# Is This Delamination?



## ckibbe (Dec 17, 2008)

Pictures

Should I be concerned or is this just a buckle from careless manufacturing? Is this delamination? It is not soft to the touch and feels like the rest of the cap. Trailer is a 2006 25 RS-S.


----------



## puffer (Aug 28, 2008)

I think your outback has a huge tape worm.


----------



## Sayonara (Jul 23, 2007)

Eeek, that doesnt look good. Im no expert, could be delam. Is it still under warranty?


----------



## Oregon_Camper (Sep 13, 2004)

I'd get that looked at ASAP. Hopefully, you're still under warranty.

Oh...if you move your level from the middle of the trailer to either the far left/right, then you'll get a better reading. Having it in the center isn't the best..IMHO of course.


----------



## CamperAndy (Aug 26, 2004)

Oregon_Camper said:


> I'd get that looked at ASAP. Hopefully, you're still under warranty.
> 
> Oh...if you move your level from the middle of the trailer to either the far left/right, then you'll get a better reading. Having it in the center isn't the best..IMHO of course.


It is a 2006 so I doubt there is any warranty.

The levels work by measuring slope so it does not matter where it is placed on the front of the trailer, as the slope does not change.

The damage almost looks structural like the frame has been damaged but it is hard to tell from the photos.


----------



## huntr70 (Jul 8, 2005)

Sure looks like delam to me.

It doesn't look like it is water caused though, probably the bad glue they had.

I would call the dealer and send those pics to Keystone.

If anything, I would push for them to put the diamond plate over top so it doesn't look so bad.

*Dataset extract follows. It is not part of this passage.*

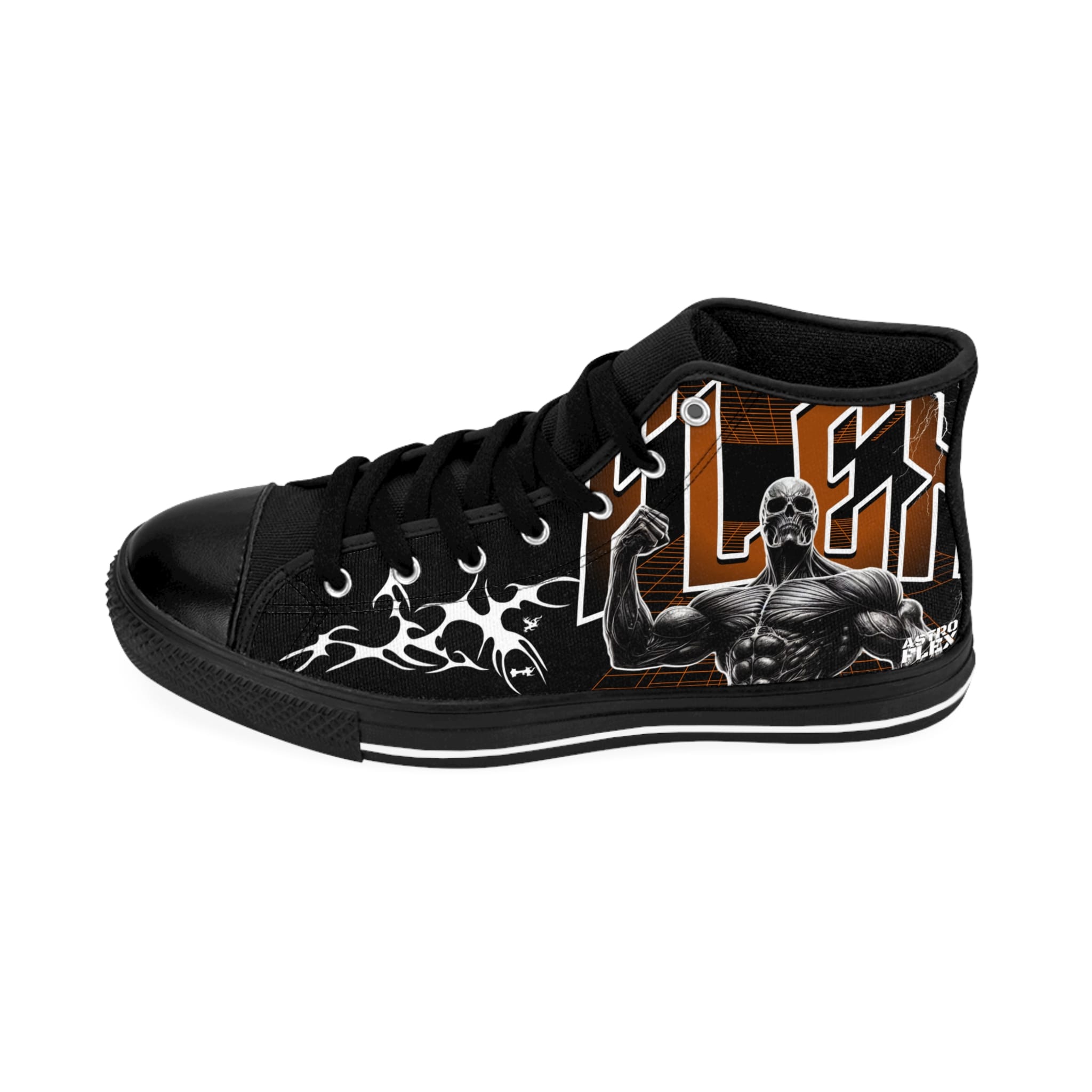 Men's High Top Weight Lifting Shoes - Image 4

You could always keep it that way and advertise for them...
















Steve


----------



## camping479 (Aug 27, 2003)

diamond plate's not a bad idea. Only problem is if it is delam due to bad glue it could surface someplace else on the front.

Mike


----------



## swanny (Oct 31, 2007)

wow i agree with CamperAndy. looks almost like the frame is pushing up and something had to give. get it checked asap. good luck


----------



## FlashG (Jun 23, 2007)

We had similar looking from warping on our 2006 OB. It came that way new off the lot.
Our didn't look as bad. It was solid and probably came from un-even bending and attachment to the body.


----------



## mrw3gr (Feb 19, 2006)

Mine looked somewhat similar but it started with "bubbles" above the red line. I was fortunate that it was still under warranty at the time and the dealer ended up replacing the whole front cap. I guess the quick fix now is to put on the diamond plate and cover the ugliness. Have the dealer take pictures and send them to Keystone...maybe a "goodwill" fix...


----------



## ckibbe (Dec 17, 2008)

FlashG said:


> We had similar looking from warping on our 2006 OB. It came that way new off the lot.
> Our didn't look as bad. It was solid and probably came from un-even bending and attachment to the body.


This is what it looked like to me, but given all the delamination issues, I am trying to be sure. I am working on getting it looked at, as I bought it used out of state. It actually looks worse in the pictures, believe it or not I didn't even realize it was there untill later, I guess that's a newbie for you.

Thanks for all the helpfull responses. My first reaction was to put the diamond plate (which I want anyway), but I want Keystone to go on record saying that's an ok fix in case the problem shows up on the upper portion of the cap later. It is out of warranty, but given the large number of these with similar issues, I'm hoping for a little love, if not I'm handy enought to put the diamond plate myself I think.....

Really don't think it's a bent frame, but I will have the dealer look at that as well.


----------



## ckibbe (Dec 17, 2008)

According to Keystone, it doesn't matter if this is a manufacturing defect, since it's out of warrenty I'm stuck with it. Therefore it will be the first feature I show everyone when they look at my travel trailer. Call it a badge of dishonor.


----------



## Y-Guy (Jan 30, 2004)

Its not delam, mostly delam starts showing small holes or bubbles, sometimes flaking. It appears that as the skin was wrapped in place it didn't bend well.

Did you buy it new in 06 and it just started showing or was it there from the start?

I don't think you're going to have any leak issues, unless things are loose underneath. Mostly it just looks rough.

If you want, put some diamond plate over front area and it will just look mean


----------



## FraTra (Aug 21, 2006)

Looks a lot like mine when I had "adhesive failure" as they called it. It was delam because the glue gave up. Keystone replaced the front cap.


----------



## ckibbe (Dec 17, 2008)

http://s404.photobucket.com/albums/pp129/ckibbe/

Finally got around to adding diamond plate to cover up the delam. Check out the results. Took about 2 hours. I used .063 3003 bright finish aluminum diamond plate, 24" x 96". Had to move the marker light up a few inches. This completely covers the delamination. Just removed the trim on the sides, bottom and near the propane bottles. placed the aluminum and covered with the same trim screwing thru the whole mess. Added the trim strip on top. Siliconed everywhere, as well as putty tape on the back side of the trim. Total price bout $180, as I had to buy a whole 4 x 10 sheet of the diamond plate. I'll have to think of some other places to put it on the trailer now!


----------



## Ridgway-Rangers (Apr 18, 2008)

Wow that looks great. I'm thinking about doing the same thing but going up to the top edge of the propane cover. My cover has been rubbing on the outer wall and is making a mess of it. The diamond plate would solve my problem.
Great job







,
Brian


----------